07 May Investing – Active vs. Passive (Part 3)
Recently we have observed an increase in the temperature of the debate about passive and active investment strategies. In a speech by the CIO of the Future Fund (5/5/17), Dr. Raphael Arndt, talks about the ‘new reality’ for active management and how we are “in an environment where sophisticated investors are no longer willing to pay active management fees for beta returns”. As humble as our opinion may be, we whole-heartedly agree.

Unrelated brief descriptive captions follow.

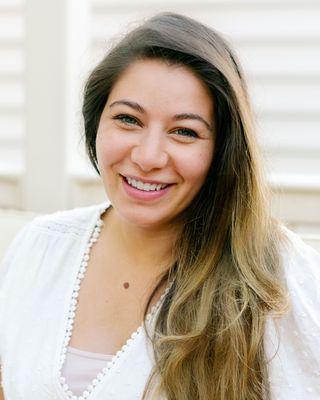 Photo of Bella Youssef, MA, Resident in Counseling in Leesburg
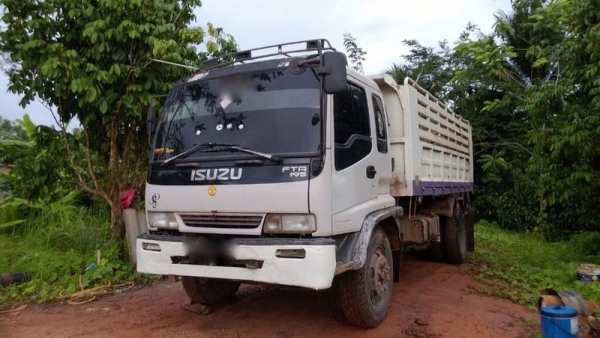 รถอีซูซุ 6 ล้อดั้ม 195 แรงม้า.  ปี 40   สนใจติดต่อ 081 - 6079515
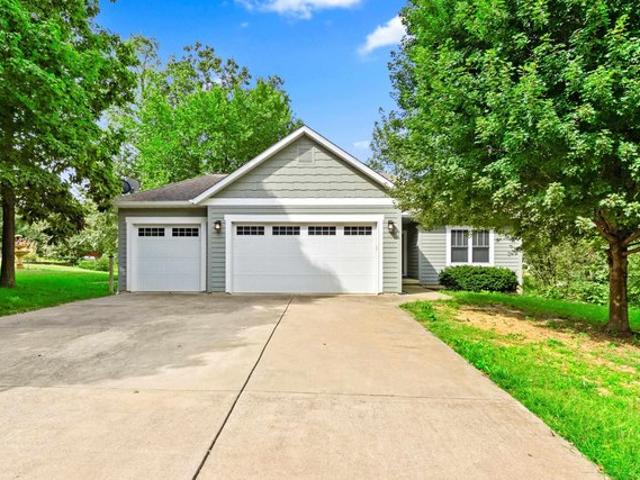 House for sale in Tremont, Tazewell County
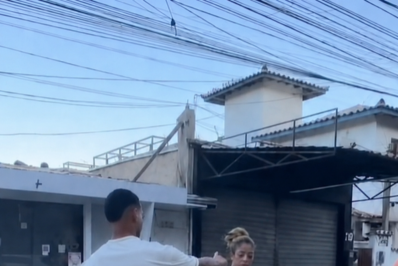 Vivi Noronha joga presente no lixo, pega mal nas redes e vira alvo de críticas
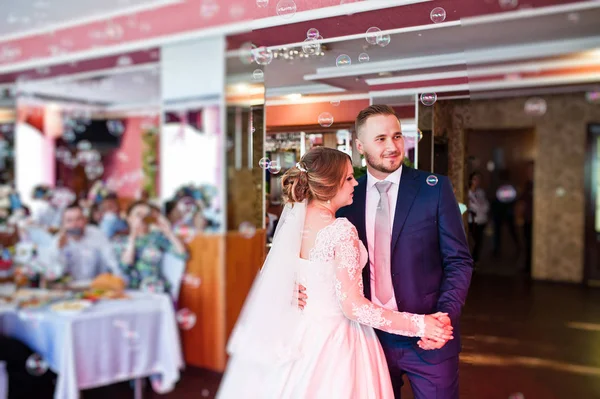 Güzel düğün çifti ilk dansları res gerçekleştirme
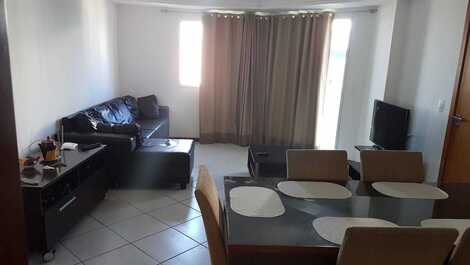 Ap de 3 dormitorios, 2 baños, vistas al mar, Wi-fi, C / garaje.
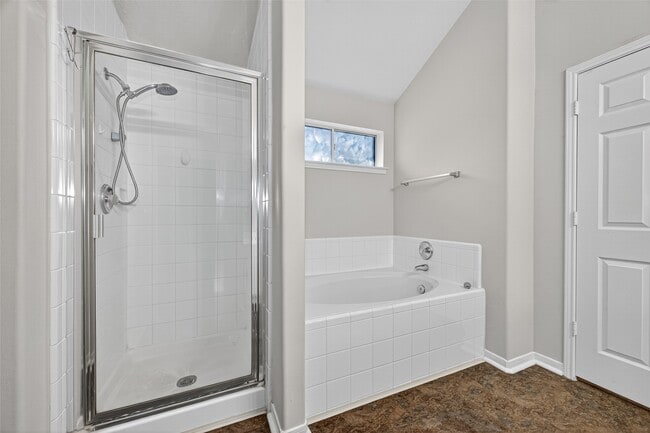 Building Photo - 14007 Hillingdale Ln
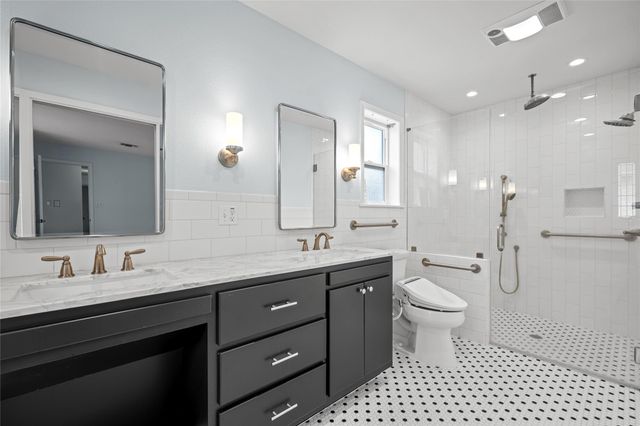 315 E Fannin Street, La Grange, TX 78945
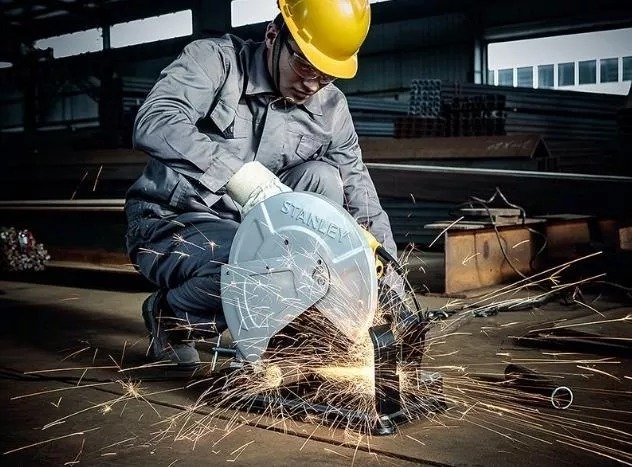 Sierra Sensitiva Stanley 14 (350mm) 2200w Ssc22 - Tyt - Imagen 5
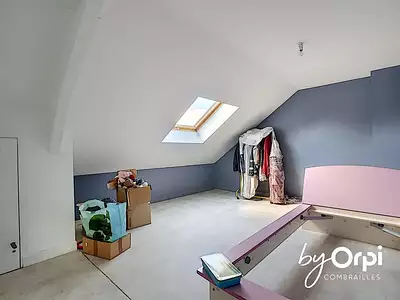 Maison, 166 m²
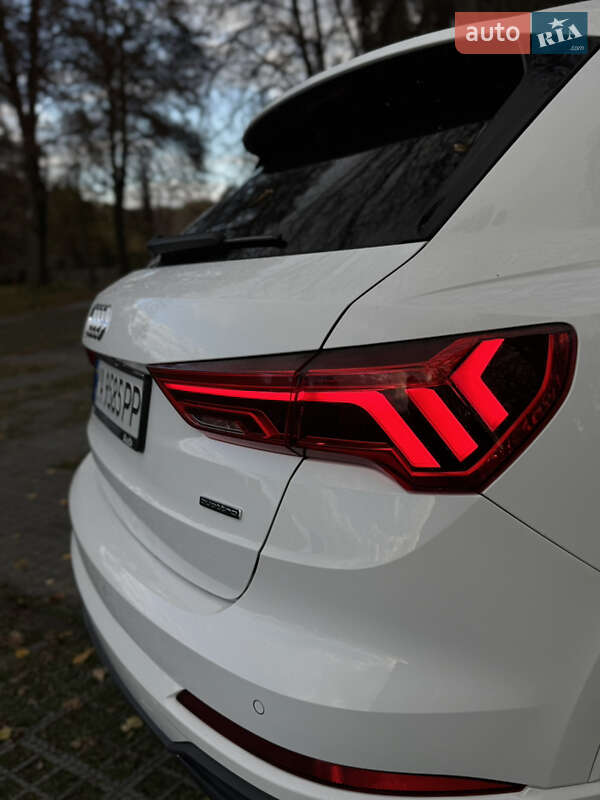 Позашляховик / Кросовер Audi Q3 2023 в Києві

We are aware there are active managers who can pull this off and a great many who cannot. Hence the assertion by the passive supporters that ‘on average, active managers cannot beat the index’. Identifying which is which is extremely difficult. So much so, we decided some time ago that it is our basic investment philosophy that matters, and identifying fund managers that align with this philosophy is the key. This alignment ensures we are pursuing our key mandate – helping clients achieve their financial objectives. These objectives are rarely as simple as generating the highest return over a given period, for a given level of risk. However it is defined, people just want to know if they will have enough.

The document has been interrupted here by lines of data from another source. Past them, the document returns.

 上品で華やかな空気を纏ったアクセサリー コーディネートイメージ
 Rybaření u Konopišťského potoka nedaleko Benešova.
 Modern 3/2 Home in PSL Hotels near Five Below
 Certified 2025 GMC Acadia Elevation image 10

Paul Keating (channelling former NSW Premier, Jack Lang), once said “in the race of life, always back self-interest. At least you know it’s trying”. When assessing the merits of the arguments between passive and active management, consider the underlying motivation of the author. A recent article by an active manager called passive management ‘lobotomised’. Not only is this churlish, but the manager was, ‘talking his own book’. His base argument, that any strategy has its ‘time in the sun’ and become victim of its own success is reasonable, but it works both ways. The article quoted the performance of one Hedge Fund Strategy, that has outperformed Warren Buffet, since 1987. But it ignores the bet Buffett made 9 years ago, where he challenged anyone to pick 5 hedge fund strategies that would out-perform the S&P 500 over 10 years. With one year to go, the only people to take him up on the bet, Protegé Partners LLC, have all but conceded.
Markets are adaptive. A preponderance of active management can effectively arbitrage away its own alpha. Similarly, the growth of passive strategies can provide increasing opportunities for active managers.

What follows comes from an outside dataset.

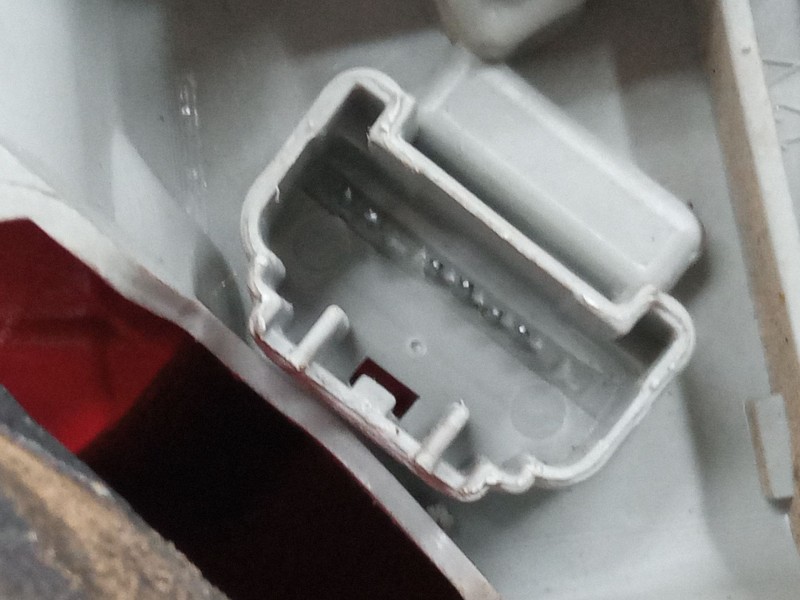 Recambio de piloto trasero derecho para toyota auris (_e15_) 1.4 d-4d (nde150_) referencia OEM IAM 815500238000  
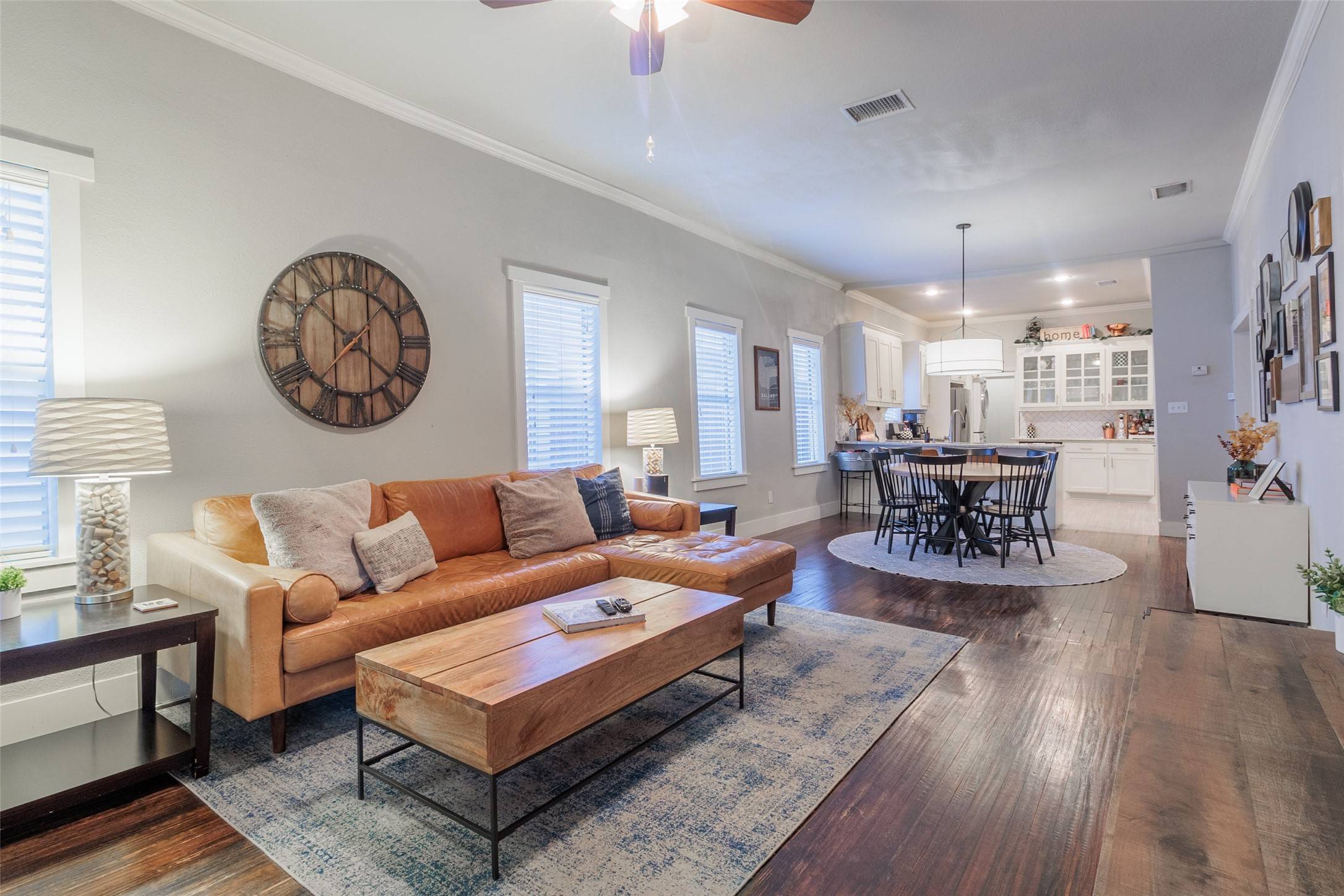 206 S Winnetka AVE, Dallas, TX 75208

Human psychology is such that we will tend to herd towards what we perceive as better value. This perception will generally follow a period of superior performance, be it a winning share or a winning investment strategy. However, we will tend to overweight the potential of the company, or the investment strategy and stick with it longer than should be reasonable.
We believe there is a right investment strategy for each portfolio, each client. This can be active, passive or some combination of both. In our opinion the keys to good portfolio management are:
- Be at once open minded and skeptical.
- Avoid ‘fashion’. Chasing the next best thing will deplete your most valuable resource – time.
- Know the difference between marketing and research.
- Understand that investment markets are dynamic, the fortunes of specific strategies will ebb and flow over time.
- Context. Always keep in mind what the portfolio is seeking to achieve.
Enjoy Federal Budget week. Don’t be surprised if we see a change to CGT thresholds – my long shot call.